• **Supplied information**
-=-=-=-=-
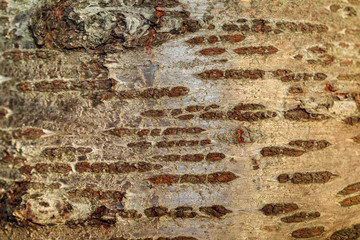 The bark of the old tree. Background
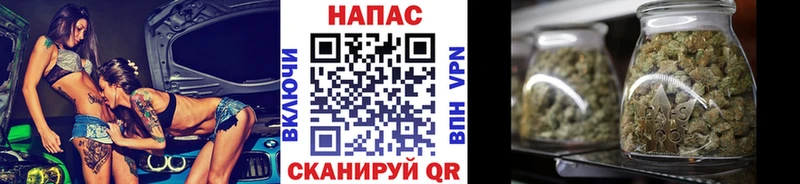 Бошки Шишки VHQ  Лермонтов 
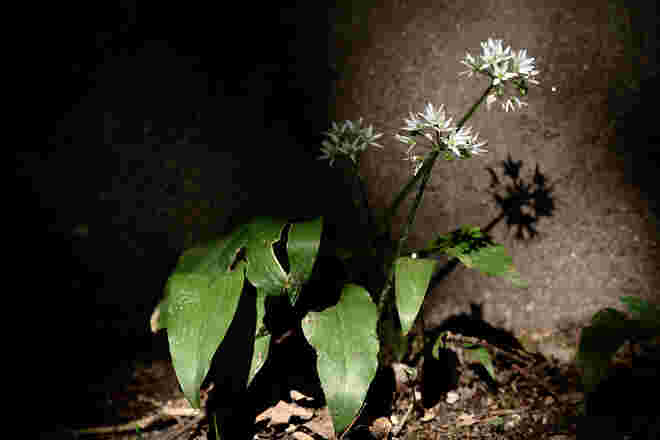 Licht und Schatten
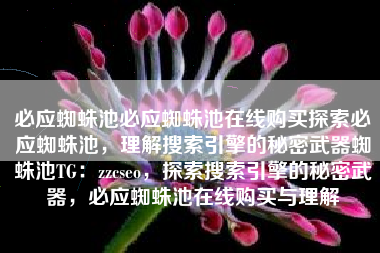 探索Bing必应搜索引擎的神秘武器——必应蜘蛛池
-=-=-=-=-
• **Task brief**
Transcribe the whole listing exactly. Pictures stay out of your copy.

• **Answer box**
 The bark of the old tree. Background
 Бошки Шишки VHQ  Лермонтов 
 Licht und Schatten
 探索Bing必应搜索引擎的神秘武器——必应蜘蛛池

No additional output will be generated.